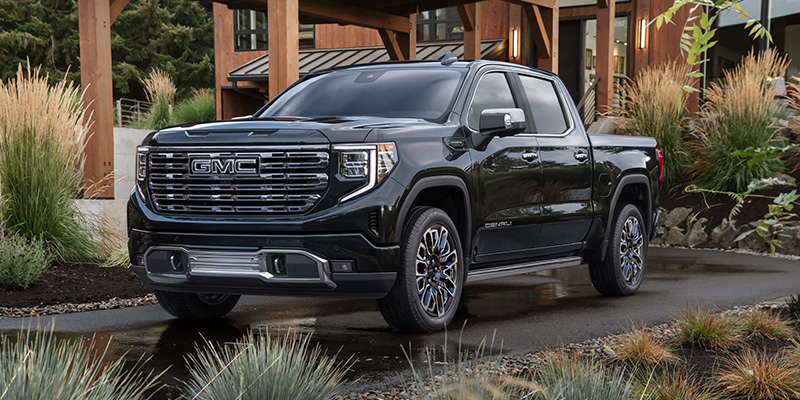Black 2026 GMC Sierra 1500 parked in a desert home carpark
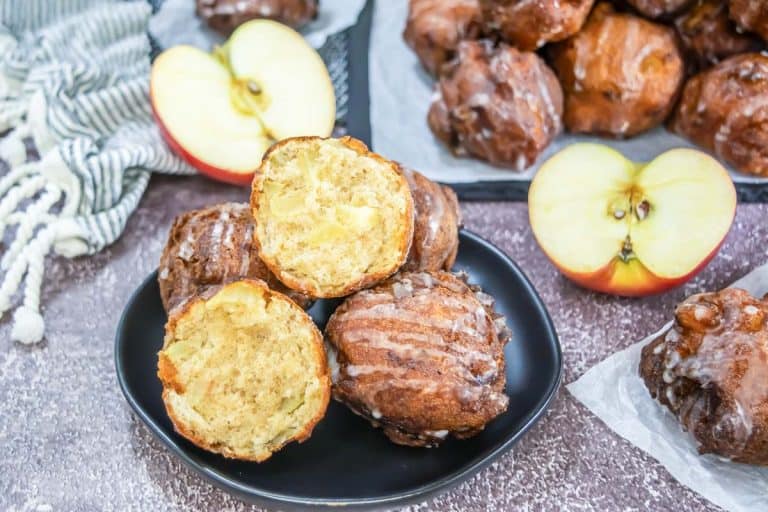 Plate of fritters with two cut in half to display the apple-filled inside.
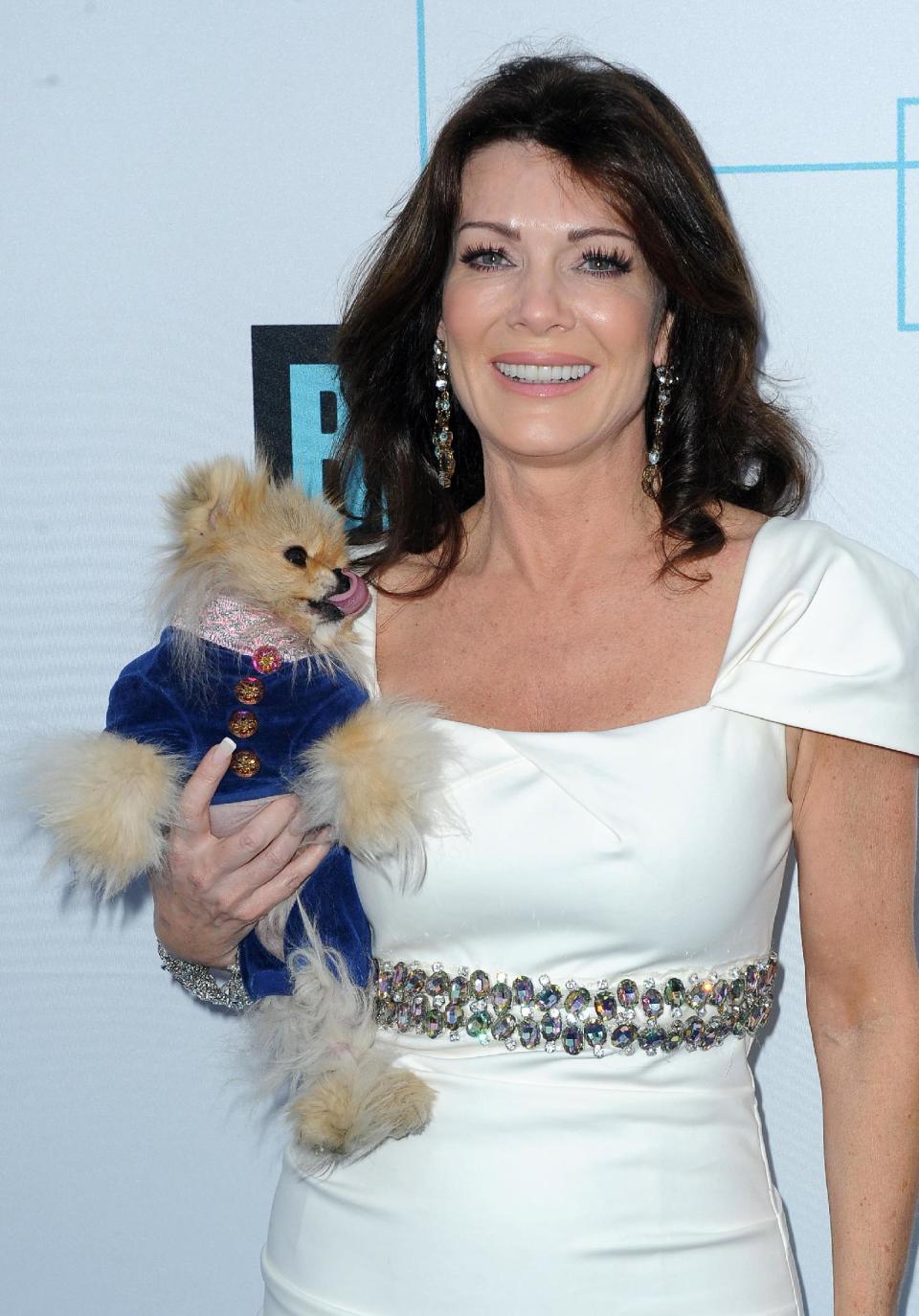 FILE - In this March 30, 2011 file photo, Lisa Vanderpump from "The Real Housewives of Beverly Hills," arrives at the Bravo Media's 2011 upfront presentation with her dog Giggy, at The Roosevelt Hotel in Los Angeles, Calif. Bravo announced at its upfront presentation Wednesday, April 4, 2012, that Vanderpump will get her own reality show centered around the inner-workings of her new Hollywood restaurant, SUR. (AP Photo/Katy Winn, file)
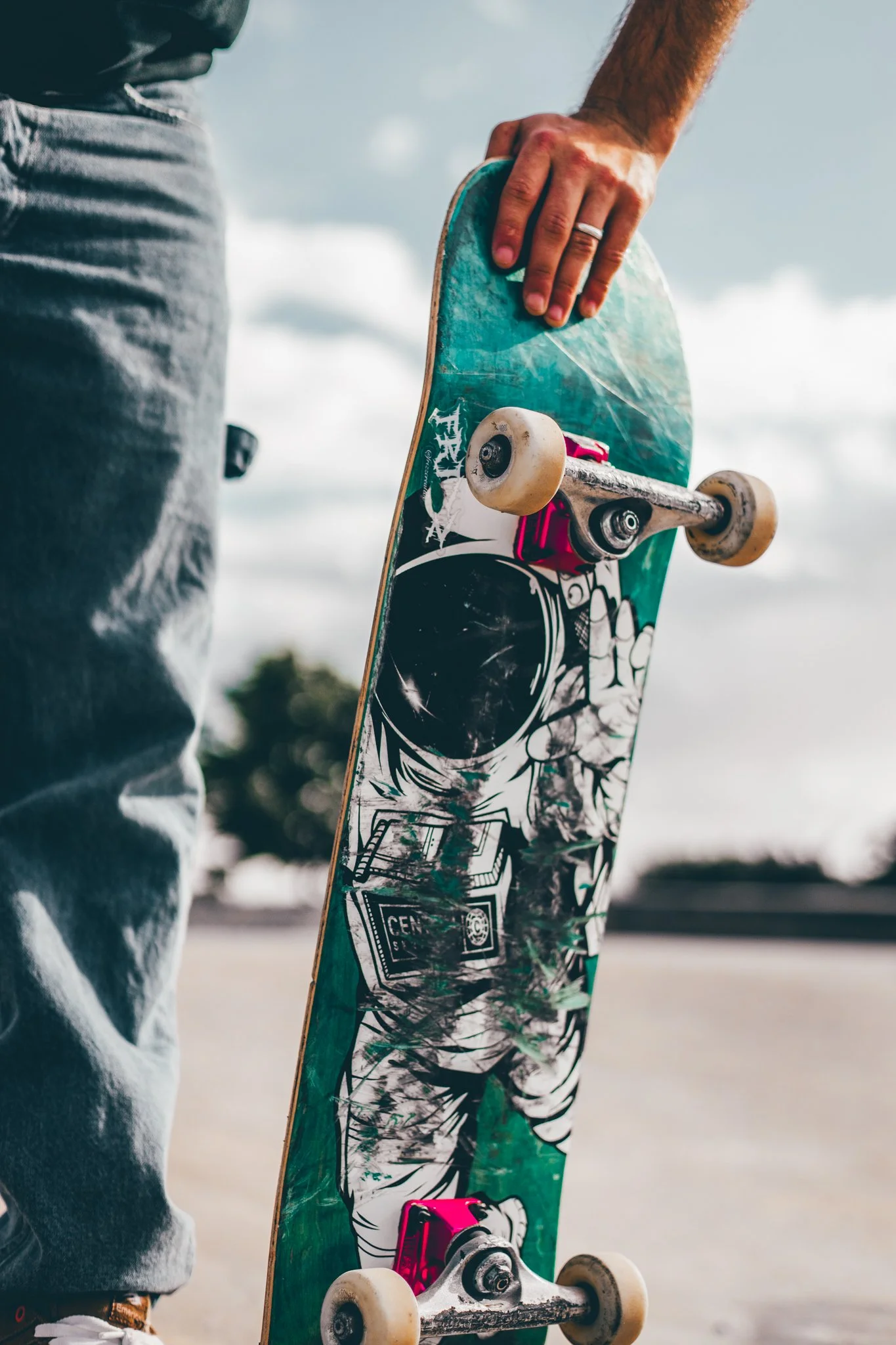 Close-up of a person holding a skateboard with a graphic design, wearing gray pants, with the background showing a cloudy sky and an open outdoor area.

_ _ _ _

• _Task item_
Word for word, repeat all the data, but not its images.

• _Task solution_
Black 2026 GMC Sierra 1500 parked in a desert home carpark
 Plate of fritters with two cut in half to display the apple-filled inside.
 FILE - In this March 30, 2011 file photo, Lisa Vanderpump from "The Real Housewives of Beverly Hills," arrives at the Bravo Media's 2011 upfront presentation with her dog Giggy, at The Roosevelt Hotel in Los Angeles, Calif. Bravo announced at its upfront presentation Wednesday, April 4, 2012, that Vanderpump will get her own reality show centered around the inner-workings of her new Hollywood restaurant, SUR. (AP Photo/Katy Winn, file)
 Close-up of a person holding a skateboard with a graphic design, wearing gray pants, with the background showing a cloudy sky and an open outdoor area.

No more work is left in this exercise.